◆ Your task ◆
No pictures belong in the copy. Retype exactly, and only, the stretch of lines below from the one with "Bath - 9753" through the one with "Hotel 77 Seventy-Seven".

───── Records for the exercise ─────

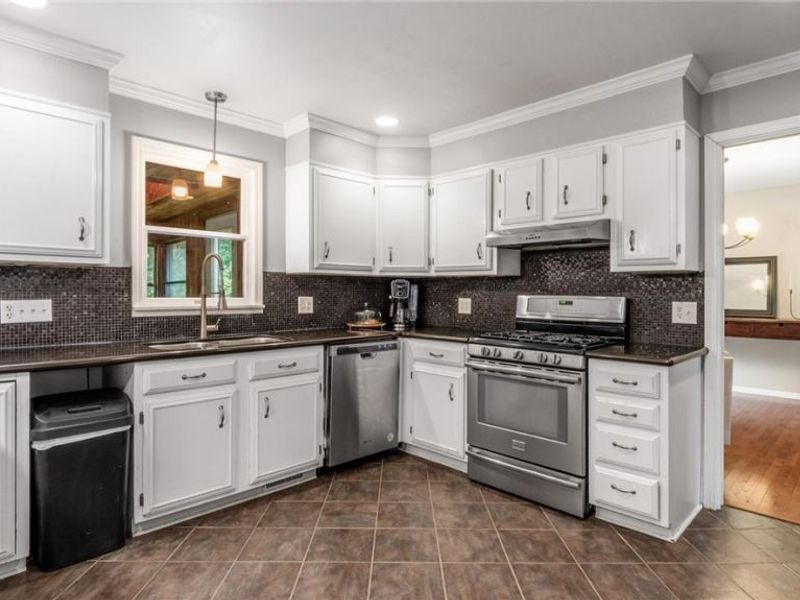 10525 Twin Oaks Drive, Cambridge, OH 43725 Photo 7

─────
───── Records for the exercise ─────

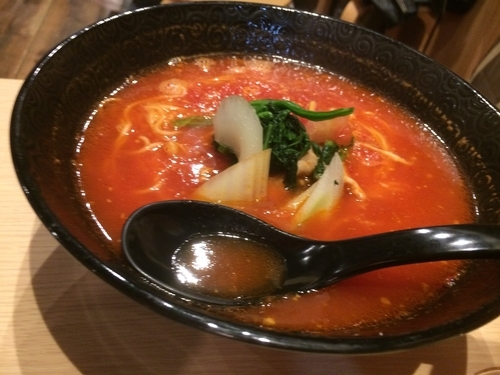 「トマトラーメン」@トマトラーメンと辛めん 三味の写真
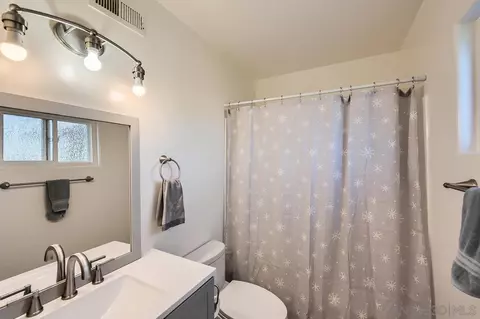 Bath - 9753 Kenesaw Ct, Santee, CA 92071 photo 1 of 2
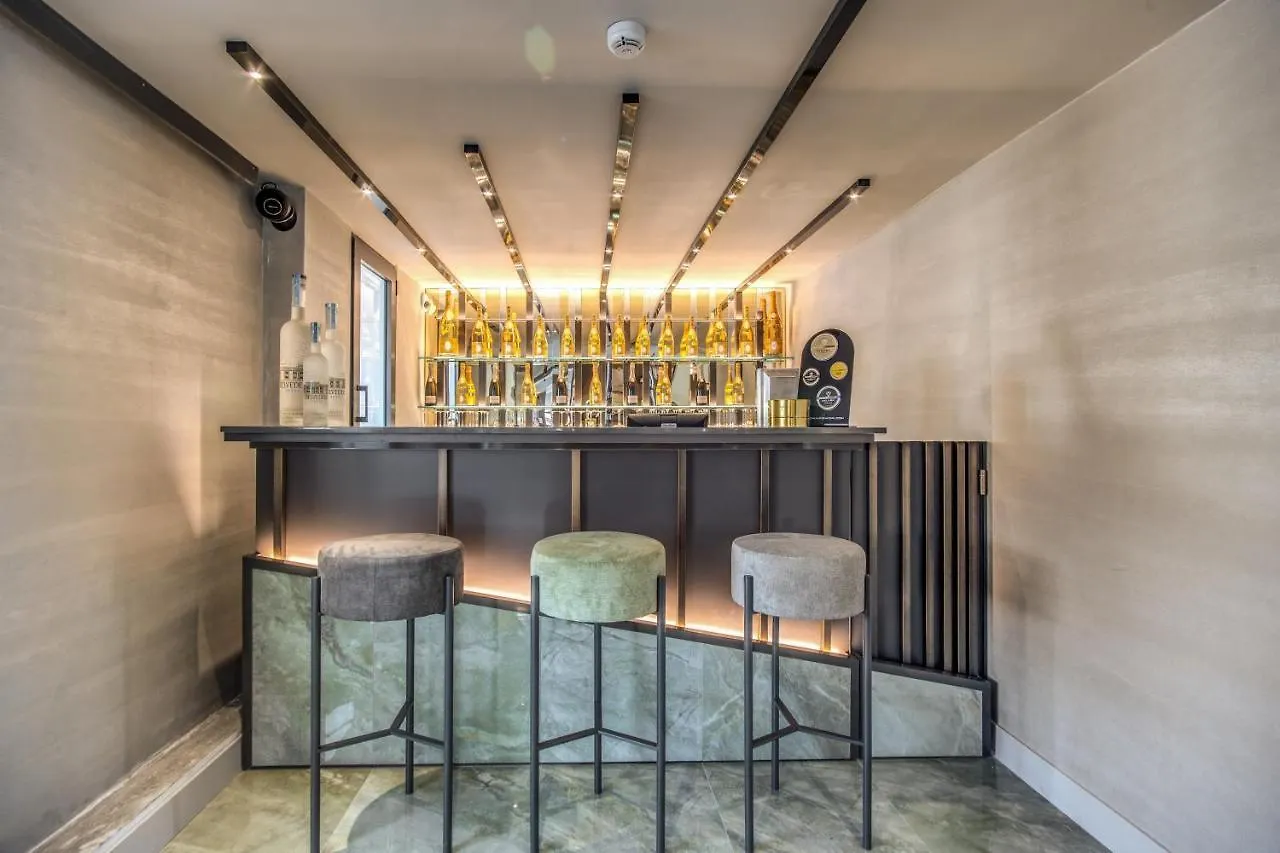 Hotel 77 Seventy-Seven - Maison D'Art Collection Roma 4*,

─────

◆ Response for this exercise ◆
 Bath - 9753 Kenesaw Ct, Santee, CA 92071 photo 1 of 2
 Hotel 77 Seventy-Seven - Maison D'Art Collection Roma 4*,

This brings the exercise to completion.